Shown as 100%. From the results in Table 1, when the resin paint of Comparative Example 2 was used, die molding processability after film formation was good, but the deterioration of hydrophilicity (expressed as water wettability in this case) was significant. It can be seen that this is significantly inferior to the case based on the invention. Example 2 To the composition of Example 1, 8 g of a 5% solution of cobalt naphthenate was added as a dryer, and after the same kneading operation, using a roll coater,
The coating was applied to a fin plate for an aluminum heat exchanger that had been previously degreased, and after forced drying, it was left indoors for 3 days to fix the coating. Next, when the same test as in Example 1 was conducted, almost the same effects were obtained, and in particular, the durability against xylene was significantly improved, and the corrosion resistance was also improved. This seems to be because cobalt naphthenate acts as a catalyst. Example 3 Weakly acidic cation exchange resin 10 [meq/(g-Dry
-R)] (Manufactured by Rohm & Haas, Amberlight
IRC-50) dry fine powder (average particle size 1.0μm, water content 5%) 250g, modified alkyd resin paint (Dainippon Ink Co., Ltd., P-786-50) 700g, xylene
300c.c., dispersant (BM1000, manufactured by West German BM) 30g,
7 g of leveling agent (BM, West Germany, BM1800A) was added and mixed in a high speed stirrer for 30 minutes.
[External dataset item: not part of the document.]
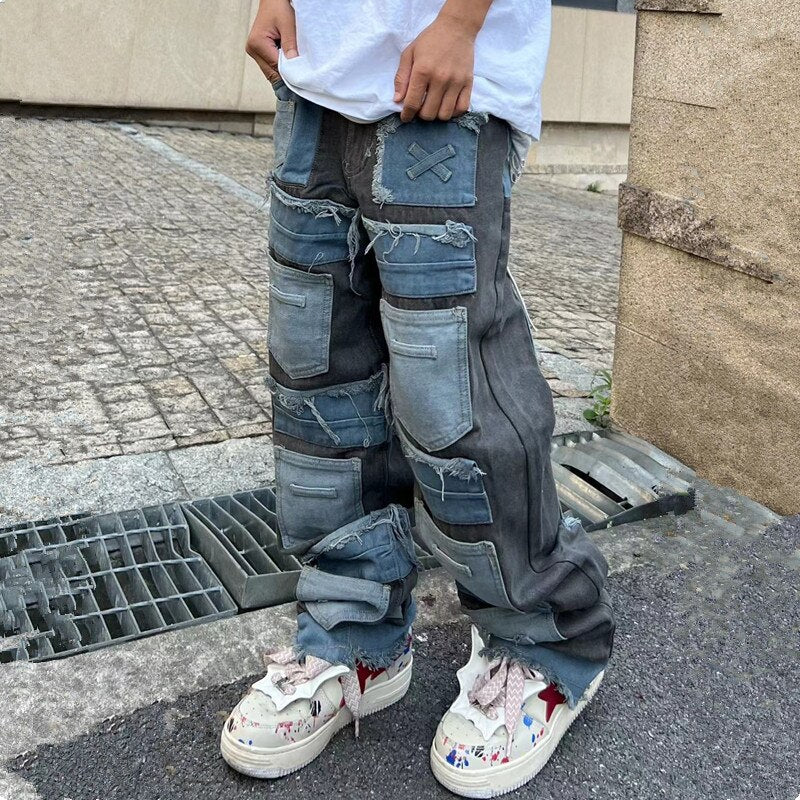2023 Cyber Y2K Streetwear Baggy Stacked Jeans Pants Men Clothing Straight Punk Multiple Pockets Denim Trousers Vetements Homme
The solid content of the alkyd resin paint was 50%, and the exchange resin ratio of the resulting film forming agent was 0.38. This film-forming agent was applied to a galvanized steel plate by brushing and heated to 200°C to form a film. When the water wettability of the film was measured under the same conditions as in Example 1, a wet test result of 97% was obtained after 48 hours, indicating that there was very little deterioration in hydrophilicity.

Claims (1)

[Scope of Claims] 1. A hydrophilic coating for imparting wettability to the surface of a heat exchanger material, characterized in that it is formed by dispersing ion-exchange resin powder in a resin coating consisting of coating film components and film-forming auxiliary elements. Forming agent. 2 The proportion of ion exchange resin in the total amount of coating film components and ion exchange resin powder is on a dry weight basis.
A hydrophilic film-forming agent for imparting wettability to the surface of a heat exchange device according to claim 1, wherein the hydrophilic film-forming agent has a wettability of 0.1 or more.